Documentation makes it easier to consistently maintain algorithm integrity.
This is well known.
But there are lots of types of documents to prepare, and often the first hurdle is just thinking about where to start.
So this simple guide is meant to help do exactly that – get going.
Here are 5 key items to get started on if you don't yet have anything in place.
If you have already started, consider whether you have each of these.
Let’s explore each in a bit more detail.
A list of the algorithms in use and/or planned.
Includes a clear, documented statement of each algorithm's objective - purpose and intended use.
This provides an overview of your algorithmic/AI landscape.
A document outlining the identified risks, and how these will be managed.
If the algorithm affects customers, we may want to make this a risk and impact assessment, adding impact to reflect the importance of ensuring customer safety and fairness.
This helps prioritise efforts, ensure responsible use and keep track of the key matters to focus on to maintain customer safety.
The principles and expectations for all stages of the algorithm lifecycle, together with step-by-step instructions, mandatory rules, and then measures to ensure the above are all upheld.
For these, we set a regular review cycle – for example, at least annually - to ensure they remain current.
These help ensure consistency and reduce ambiguity.
Key decisions, methodologies, assumptions and rationales during algorithm design and development.
Note: algorithm design and development is not a one-and-done, as the algorithms will change regularly.
This ensures transparency and aids in future improvements.
Describes the AI system's design, specifications, algorithms, data sources, testing methods, performance metrics, known limitations, and workarounds.
Ideally, this will include a version history, and audit trail reflecting key changes.
This supports maintainability and compliance efforts.
This is certainly not a comprehensive list.
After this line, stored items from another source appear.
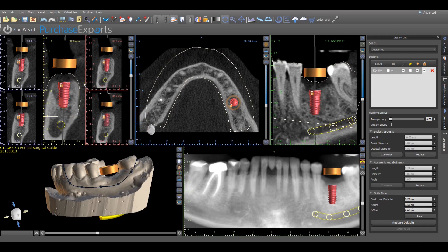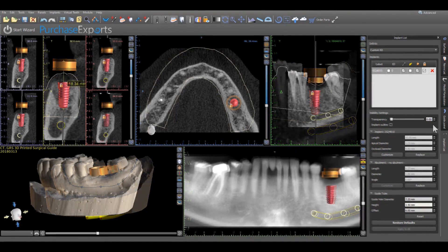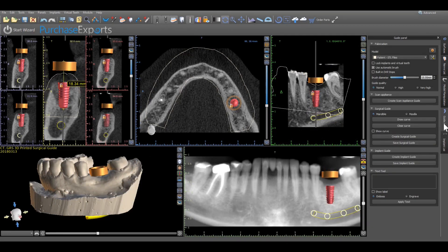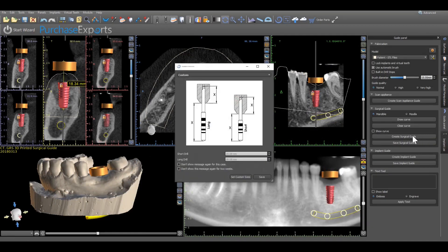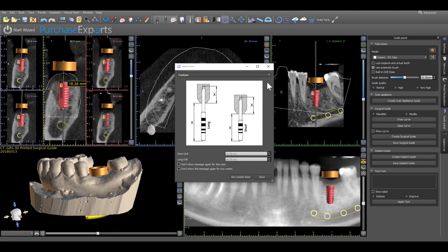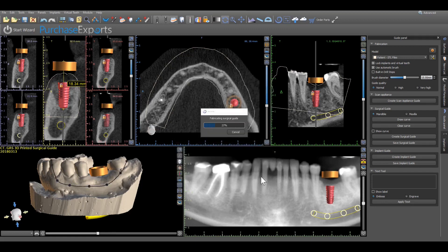Once the surgical guide design is complete, simply click on the guide panel tab and then click create surgical guide. If a handpiece preference is needed to establish the length from the tip of the drill to the head of the handpiece, locate the specific handpiece from the drop-down list and click save. If this is not a required element, keep the drop-down list on custom and click save. The guide fabrication process will automatically begin.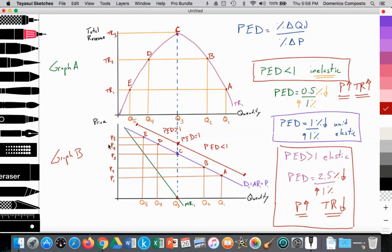And the firm raises price again from P4 to P5. Quantity demand falls from Q4 to Q5, which is a movement from D to E. They see that total revenue decreases from TR2 to TR1, thus emphasizing again that the firm is operating in the elastic portion of the demand curve — when they raise price, total revenue falls. So every demand curve has an elastic and inelastic portion to their demand curve.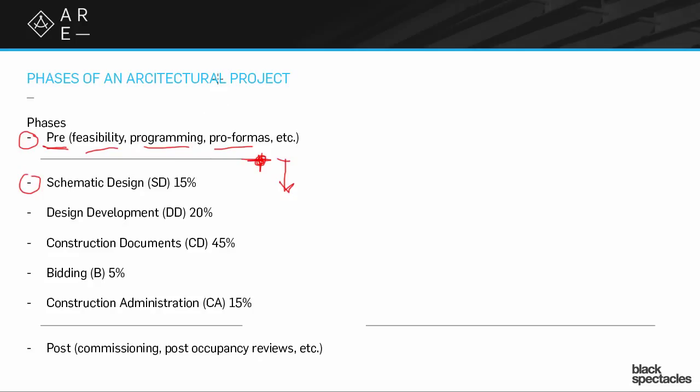Design development is a little bit less important because that's where you've already made those decisions and you're now just kind of playing it out. You won't really find too many design development type questions on site planning, but you will find a great deal of construction document type questions.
It is just a starting point.
Involving relevant stakeholders in creating and maintaining these can help ensure coverage and buy-in.
These should be living documents, regularly reviewed, and updated as your algorithms evolve.
Aim for accessibility and readability. There is value in the documents being understandable to both technical and non-technical stakeholders, where relevant. In some cases, the detail (that is also important) may mean that the audience is technical folk, so they shouldn’t be diluted either.
Store them in an accessible location, but without risking security, privacy, and confidentiality.
There will be other documentation; what exactly these are will depend on several factors. The factors determining what these are include organisational expectations, the nature, context and purpose of each algorithmic system, and compliance obligations.
Disclaimer: The information in this article does not constitute legal advice. It may not be relevant to your circumstances. It may not be appropriate for high-risk use cases (e.g., as outlined in The Artificial Intelligence Act - Regulation (EU) 2024/1689, a.k.a. the EU AI Act). It was written for consideration in certain algorithmic contexts within banks and insurance companies, may not apply to other contexts, and may not be relevant to other types of organisations.